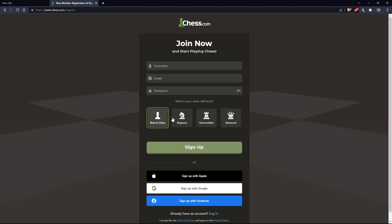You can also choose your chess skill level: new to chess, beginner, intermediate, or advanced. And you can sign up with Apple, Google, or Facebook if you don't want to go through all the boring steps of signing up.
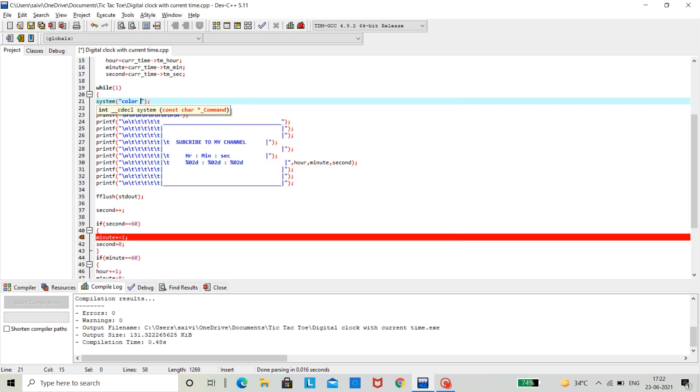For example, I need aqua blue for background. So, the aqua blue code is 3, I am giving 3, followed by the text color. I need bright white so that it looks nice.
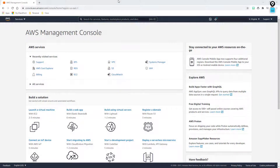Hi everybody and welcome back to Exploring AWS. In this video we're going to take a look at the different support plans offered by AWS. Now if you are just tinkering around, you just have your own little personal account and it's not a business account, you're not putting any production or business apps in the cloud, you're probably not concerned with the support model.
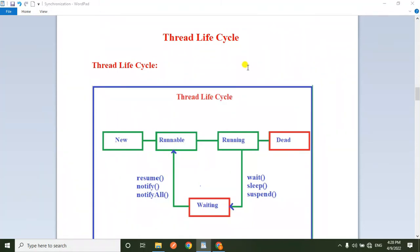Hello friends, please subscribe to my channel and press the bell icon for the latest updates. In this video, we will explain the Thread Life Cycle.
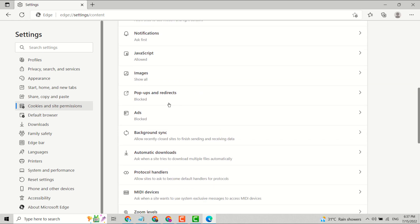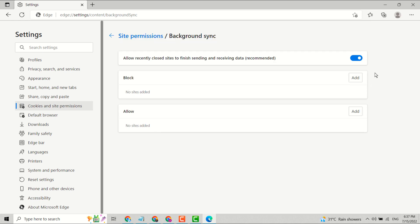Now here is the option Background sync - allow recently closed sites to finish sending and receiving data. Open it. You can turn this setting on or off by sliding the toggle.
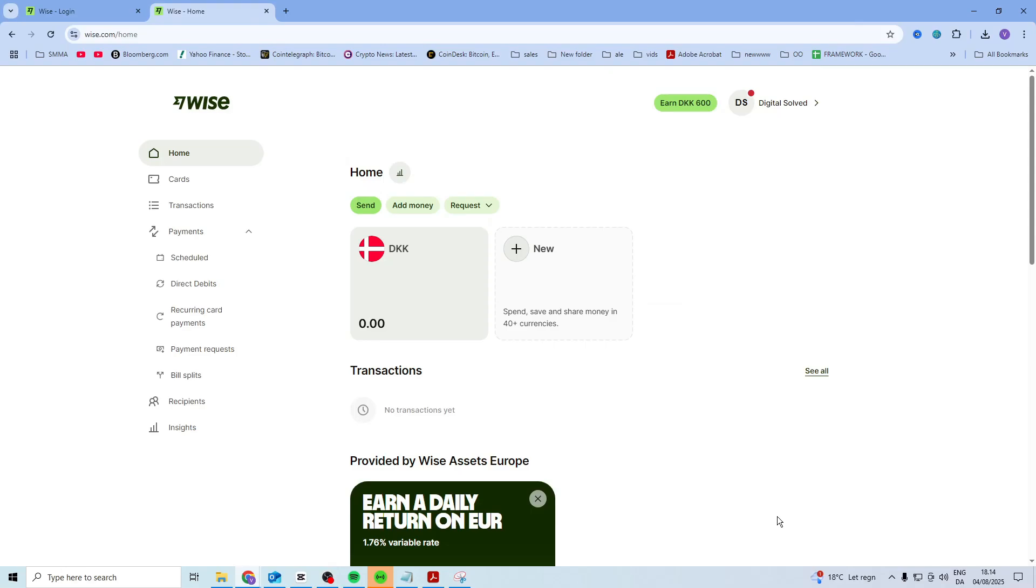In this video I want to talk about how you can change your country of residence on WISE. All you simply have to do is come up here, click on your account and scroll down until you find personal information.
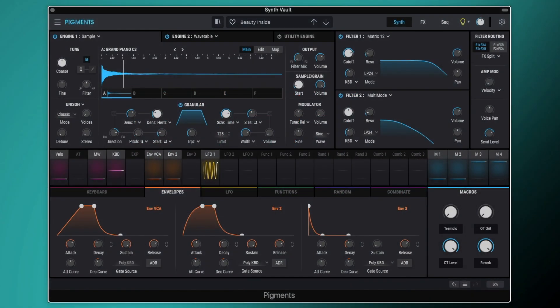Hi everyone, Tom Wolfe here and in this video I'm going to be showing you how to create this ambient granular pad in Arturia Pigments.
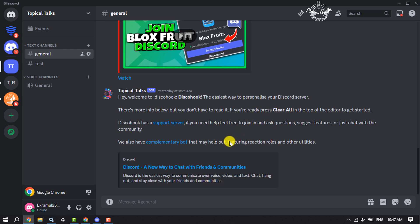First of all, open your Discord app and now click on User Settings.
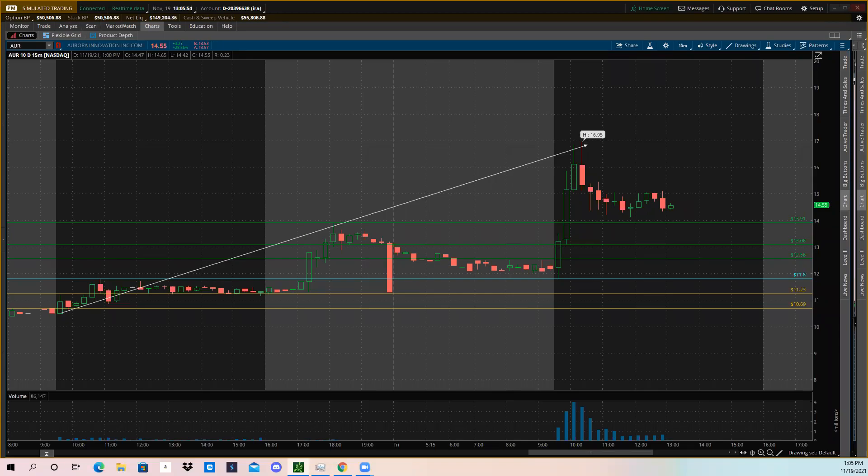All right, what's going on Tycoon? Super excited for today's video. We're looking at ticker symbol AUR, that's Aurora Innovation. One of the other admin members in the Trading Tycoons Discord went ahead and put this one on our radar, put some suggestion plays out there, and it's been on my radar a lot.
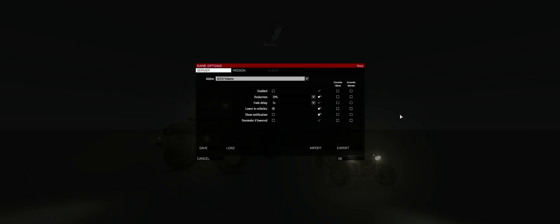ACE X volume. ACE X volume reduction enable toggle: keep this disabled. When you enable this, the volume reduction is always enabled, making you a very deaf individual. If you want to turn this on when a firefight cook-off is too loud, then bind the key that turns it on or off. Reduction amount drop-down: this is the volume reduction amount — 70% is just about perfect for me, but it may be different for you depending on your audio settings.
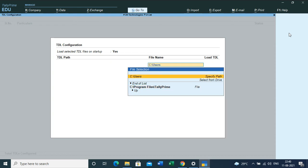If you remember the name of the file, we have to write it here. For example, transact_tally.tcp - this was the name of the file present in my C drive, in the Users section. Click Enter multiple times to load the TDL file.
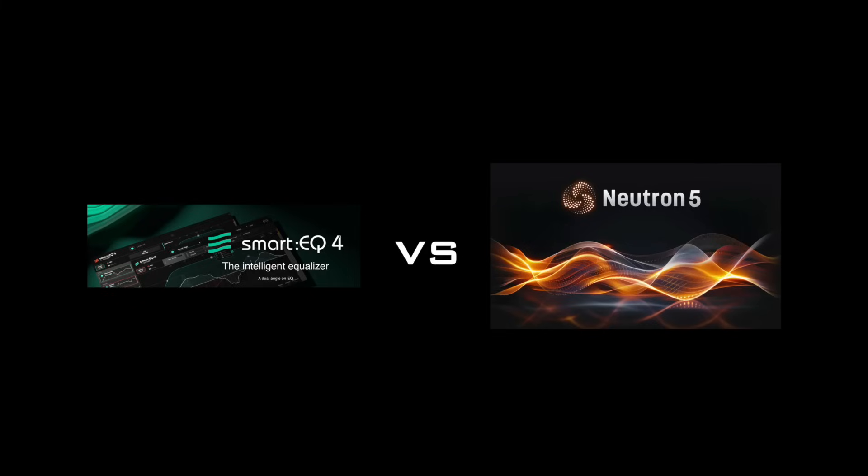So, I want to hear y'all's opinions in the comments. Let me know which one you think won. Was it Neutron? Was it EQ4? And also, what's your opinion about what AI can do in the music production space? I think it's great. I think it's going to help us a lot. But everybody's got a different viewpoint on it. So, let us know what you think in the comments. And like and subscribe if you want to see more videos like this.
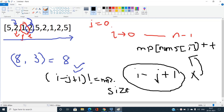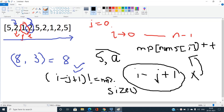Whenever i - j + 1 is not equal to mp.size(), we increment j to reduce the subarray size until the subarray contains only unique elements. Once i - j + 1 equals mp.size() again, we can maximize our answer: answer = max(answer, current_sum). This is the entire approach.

= What you have to do =
Repeat the listing above word for word and leave its images out.

= Answer section =
You can also choose your chess skill level: new to chess, beginner, intermediate, or advanced. And you can sign up with Apple, Google, or Facebook if you don't want to go through all the boring steps of signing up.
For example, I need aqua blue for background. So, the aqua blue code is 3, I am giving 3, followed by the text color. I need bright white so that it looks nice.
Hi everybody and welcome back to Exploring AWS. In this video we're going to take a look at the different support plans offered by AWS. Now if you are just tinkering around, you just have your own little personal account and it's not a business account, you're not putting any production or business apps in the cloud, you're probably not concerned with the support model.
Hello friends, please subscribe to my channel and press the bell icon for the latest updates. In this video, we will explain the Thread Life Cycle.
Now here is the option Background sync - allow recently closed sites to finish sending and receiving data. Open it. You can turn this setting on or off by sliding the toggle.
In this video I want to talk about how you can change your country of residence on WISE. All you simply have to do is come up here, click on your account and scroll down until you find personal information.
Hi everyone, Tom Wolfe here and in this video I'm going to be showing you how to create this ambient granular pad in Arturia Pigments.
First of all, open your Discord app and now click on User Settings.
All right, what's going on Tycoon? Super excited for today's video. We're looking at ticker symbol AUR, that's Aurora Innovation. One of the other admin members in the Trading Tycoons Discord went ahead and put this one on our radar, put some suggestion plays out there, and it's been on my radar a lot.
ACE X volume. ACE X volume reduction enable toggle: keep this disabled. When you enable this, the volume reduction is always enabled, making you a very deaf individual. If you want to turn this on when a firefight cook-off is too loud, then bind the key that turns it on or off. Reduction amount drop-down: this is the volume reduction amount — 70% is just about perfect for me, but it may be different for you depending on your audio settings.
If you remember the name of the file, we have to write it here. For example, transact_tally.tcp - this was the name of the file present in my C drive, in the Users section. Click Enter multiple times to load the TDL file.
So, I want to hear y'all's opinions in the comments. Let me know which one you think won. Was it Neutron? Was it EQ4? And also, what's your opinion about what AI can do in the music production space? I think it's great. I think it's going to help us a lot. But everybody's got a different viewpoint on it. So, let us know what you think in the comments. And like and subscribe if you want to see more videos like this.
Whenever i - j + 1 is not equal to mp.size(), we increment j to reduce the subarray size until the subarray contains only unique elements. Once i - j + 1 equals mp.size() again, we can maximize our answer: answer = max(answer, current_sum). This is the entire approach.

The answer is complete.